October 29, 2011 at 12:00 am

So aptly put, Beth. For me, remembering that just getting out the door is better than not. That doing something even if it isn’t “the workout” is better than not. Just moving 🙂

Lisa Chase

October 29, 2011 at 4:14 pm


I was just beginning to wonder about this and I thought this morning…right before I read your article…Lisa, you’re just going to have to do it….just get up and do it.

Thanks so much again.

And the crazy thing is that I feel GREAT once I’m out the door. it’s just that one piece…of getting up.
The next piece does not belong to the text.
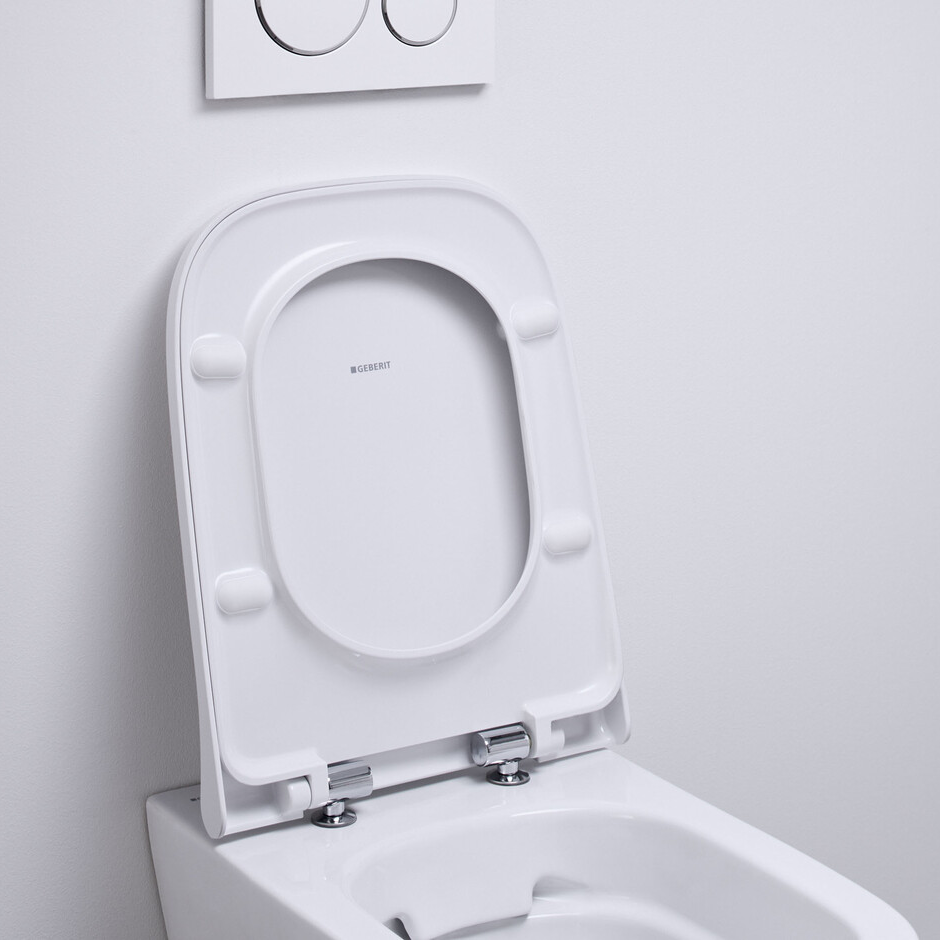 Geberit Smyle Square Wand-WC Tiefspüler rimfree mit Deckel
October 29, 2011 at 8:18 pm

I am an over-thinker. I take so long to get out the door. When I start running, I am always telling myself that I “think too much” before I get out the door. My goal is to not think, just go and get it done!!

Andrea Ballard

November 01, 2011 at 5:09 pm

Beth, great post. All day yesterday I visualized dropping my daughter off at school and heading straight out for a run. This required wakign up a bit earlier today, wearing my running clothes on the walk to school, having my iPod with me, and being ready to hit the road. It happened! Even though it was foggy and gray, I had planned on doing it and set the wheels in motion, so it happened. You’re right, it’s not rocket science and I can use my brain to over-think other things 🙂

Tracie Bettenhausen

November 06, 2011 at 10:08 pm

“…when really what we should be doing is moving and not thinking at all.” Exactly. Thanks for this post! I will keep that line in mind every day when it’s time to exercise.

Krishna Longanecker

November 07, 2011 at 3:53 pm

Along a similar vein, how’s a girl to get in her workouts during a blackout? Improvisation! Day 1 – no run (no shower available) but spent 2 hours shovelling snow and tree debris. Day 2 – surely the power will be on by the next day, so walking the dogs was exercise for the day. Day 3 – Umm, guess we are in this for the long haul; found 1/2 route free of tree debris and downed power lines and ran repeats, then hauled downed tree branches from the yard for 2 hours (does that count as weight lifting?). Day 4 – More tree debris removal, and for sanity purposes, expanded the run beyond the original 1/2 route (and luckily found it fairly safe) to take in the sights beyond our backyard. Day 5 – walked dogs, no run. Day 6 – another dog walk and a run, followed by standing in the front yard waiting for the next power truck to pass so that I could flag it down to get our power re-stored. Day 7 – power back, and back to normal routine. Whew!!

Amanda - RunToTheFinish

November 08, 2011 at 5:19 pm

really a fantastic post!! i’ve never had issues with workout motivation because i love it, but not eating sweats that is a whole different game. But you hit it right on still..there is no book, no speech, just me making the choice


November 15, 2011 at 3:31 pm

I agree, with a caveat. Sometimes it’s hard to draw the line between listening to your body and over-thinking exercise. I’m someone who is quite prone to injury because of some bio-mechanical issues. It’s critical for me to listen to my body to make sure that I don’t overdo it. Sometimes, I have to make the hard decision to scale down, or even skip, a workout because I’m sensing some warning signals for injury. Those signals can be hard to interpret at times, and so figuring out what my body is telling me can easily take me down a path to “over-thinking”. For me, the challenge is distinguishing between listening and over-thinking.


November 16, 2011 at 1:45 am

consider this one bookmarked, honey. thanks.